A GCM Simulation of Heat Waves, Dry Spells, and Their Relationships to Circulation

Heat waves and dry spells are analyzed (i) at eight stations in south Moravia (Czech Republic), (ii) in the control ECHAM3 GCM run at the gridpoint closest to the study area, and (iii) in the ECHAM3 GCM run for doubled CO2 concentrations (scenario A) at the same gridpoint (heat waves only). The GCM outputs are validated both against individual station data and areally representative values. In the control run, the heat waves are too long, appear later in the year, peak at higher temperatures and their numbers are under- (over-) estimated in June and July (in August). The simulated dry spells are too long, and the annual cycle of their occurrence is distorted. Mid-tropospheric circulation, and heat waves and dry spells are linked much less tightly in the control climate than in the observed.
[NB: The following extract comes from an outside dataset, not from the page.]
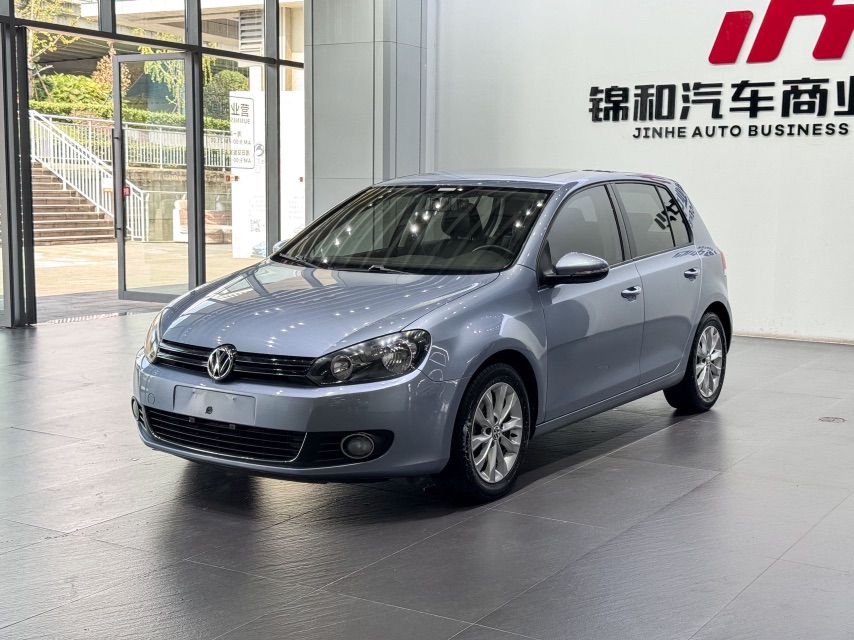 Volkswagen Golf 2013 Volkswagen Golf 2013 car image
Since mid-tropospheric circulation is simulated fairly successfully, we suggest the hypothesis that either the air-mass transformation and local processes are too strong in the model or the simulated advection is too weak. In the scenario A climate, the heat waves become a common phenomenon: warming of 4.5 °C in summer (difference between scenario A and control climates) induces a five-fold increase in the frequency of tropical days and an immense enhancement of extremity of heat waves. The results of the study underline the need for (i) a proper validation of the GCM output before a climate impact study is conducted and (ii) translation of large-scale information from GCMs into local scales using downscaling and stochastic modelling techniques in order to reduce GCMs' biases.